Obsidian never clicked for me. It’s simply not set-up the way I would like it to be, starting with the fact that tags are second class citizens there. The renowned graph view ignores them entirely and there’s no good way to sort through your notes in a tag. Selecting a tag does not create a slick menu with all the included notes; instead, you get a broken search with the tag endlessly repeating as the text preview (see image below). Tags are also tucked away to the side in the UI, hidden in the right sidebar. It’s obvious Obsidian’s organizational focus is on the traditional file/folder structure and the in-text backlinking system. I’ve already tried both of those in Notion, was not convinced there, and Obsidian’s implementation did not change my mind on it either. It’s a fine enough system, but it doesn’t bring enough value to me to make the added tedium worth it. Especially when I already know tags are easier and provide more than enough structure for me.

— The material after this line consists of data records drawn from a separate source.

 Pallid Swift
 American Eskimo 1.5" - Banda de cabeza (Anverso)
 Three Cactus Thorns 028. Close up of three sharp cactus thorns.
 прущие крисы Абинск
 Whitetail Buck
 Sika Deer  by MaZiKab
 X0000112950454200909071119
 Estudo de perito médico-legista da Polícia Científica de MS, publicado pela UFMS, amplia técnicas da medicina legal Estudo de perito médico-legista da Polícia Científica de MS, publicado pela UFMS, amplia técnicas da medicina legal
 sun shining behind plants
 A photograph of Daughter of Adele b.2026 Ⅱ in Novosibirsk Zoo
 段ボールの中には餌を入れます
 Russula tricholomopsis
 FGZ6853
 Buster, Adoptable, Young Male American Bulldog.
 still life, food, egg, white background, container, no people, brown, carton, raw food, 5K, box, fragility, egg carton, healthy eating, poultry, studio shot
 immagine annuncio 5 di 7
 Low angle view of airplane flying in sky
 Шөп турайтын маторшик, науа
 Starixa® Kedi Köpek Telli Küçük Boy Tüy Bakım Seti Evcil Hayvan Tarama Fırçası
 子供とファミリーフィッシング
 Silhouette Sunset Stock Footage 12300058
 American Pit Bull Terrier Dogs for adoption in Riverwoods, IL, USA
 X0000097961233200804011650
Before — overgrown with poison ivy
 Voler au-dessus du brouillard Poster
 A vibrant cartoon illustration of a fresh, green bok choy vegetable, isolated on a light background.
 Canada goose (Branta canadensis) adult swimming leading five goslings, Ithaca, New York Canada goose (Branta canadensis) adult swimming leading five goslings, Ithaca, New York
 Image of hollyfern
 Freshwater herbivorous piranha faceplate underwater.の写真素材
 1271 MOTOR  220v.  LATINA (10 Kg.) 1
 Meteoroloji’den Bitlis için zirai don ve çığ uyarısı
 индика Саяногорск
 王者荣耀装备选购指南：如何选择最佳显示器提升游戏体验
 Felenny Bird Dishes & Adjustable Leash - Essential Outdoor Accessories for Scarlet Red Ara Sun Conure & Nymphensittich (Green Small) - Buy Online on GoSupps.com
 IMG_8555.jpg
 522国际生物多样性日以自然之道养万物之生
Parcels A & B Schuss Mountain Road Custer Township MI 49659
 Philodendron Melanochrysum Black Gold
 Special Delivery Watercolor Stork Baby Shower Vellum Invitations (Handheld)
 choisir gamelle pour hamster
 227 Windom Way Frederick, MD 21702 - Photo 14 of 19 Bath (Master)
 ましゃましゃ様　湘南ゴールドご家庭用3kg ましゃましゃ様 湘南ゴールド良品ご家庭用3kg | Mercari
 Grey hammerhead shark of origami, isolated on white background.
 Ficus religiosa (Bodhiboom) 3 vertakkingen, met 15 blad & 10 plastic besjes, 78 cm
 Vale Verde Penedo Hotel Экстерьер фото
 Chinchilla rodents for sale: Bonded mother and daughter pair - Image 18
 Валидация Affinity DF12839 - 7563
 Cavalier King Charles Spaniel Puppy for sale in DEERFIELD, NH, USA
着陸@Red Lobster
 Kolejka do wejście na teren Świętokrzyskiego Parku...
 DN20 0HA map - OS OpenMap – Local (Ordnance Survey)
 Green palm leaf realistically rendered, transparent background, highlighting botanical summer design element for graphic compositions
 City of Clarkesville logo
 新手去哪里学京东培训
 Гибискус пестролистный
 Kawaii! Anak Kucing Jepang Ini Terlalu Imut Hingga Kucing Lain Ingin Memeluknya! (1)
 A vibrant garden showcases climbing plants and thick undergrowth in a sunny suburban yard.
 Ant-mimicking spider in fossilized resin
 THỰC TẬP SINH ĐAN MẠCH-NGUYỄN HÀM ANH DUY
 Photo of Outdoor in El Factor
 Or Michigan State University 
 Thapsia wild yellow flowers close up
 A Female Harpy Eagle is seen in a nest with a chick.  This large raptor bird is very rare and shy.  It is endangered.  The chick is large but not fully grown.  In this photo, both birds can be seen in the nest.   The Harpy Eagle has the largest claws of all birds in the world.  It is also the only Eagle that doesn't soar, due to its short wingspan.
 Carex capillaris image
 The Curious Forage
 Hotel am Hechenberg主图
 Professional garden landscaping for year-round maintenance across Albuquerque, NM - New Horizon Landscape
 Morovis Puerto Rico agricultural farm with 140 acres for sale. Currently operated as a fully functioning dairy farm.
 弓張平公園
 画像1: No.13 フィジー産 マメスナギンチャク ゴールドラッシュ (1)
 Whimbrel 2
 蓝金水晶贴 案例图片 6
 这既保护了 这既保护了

The observant among you can likely guess Obsidian’s answer to my set of whinges – it’s endlessly customizable and has a massive library of community plugins. There’s a popular plugin that replaces that file-folder sidebar with a new one generated from tags. Another gives me greater controls of tags, letting me merge and split them at will. A third lets me hide all of the Obsidian features I do not want to use, like the backlinks and graph views. It’s great that I could do this, Obsidian gives me way more control than any other app I’ve listed before. I even followed this nifty guide to make Obsidian feel more like Bear – but the end result did not convince me. These plugins always felt like hacks rather than intentional design decisions. Sure I can add the TagFolder sidebar, but clicking on a tag will still bring up Obsidian’s broken search rather than the new TagFolder menu. I’m sure there’s an option to change that somewhere, but having to do that is part of my problem. I don’t want to dig through multiple sub-menus and experiment with options to make the app feel good, I just want to write. I can sense the meme making its way towards me as I explain this. On top of that, I’m going to spend even more time syncing all those plugins and options across all my devices. Then I have to figure out how the heck this is supposed to translate to the iOS app? Absolutely not, that doesn’t work for me, brother. It’s a bummer, because I adore Obsidian’s mission statement. So far, it’s my highest recommendation for a cross-platform strictly notes app, I just hope you’re not as picky as I am.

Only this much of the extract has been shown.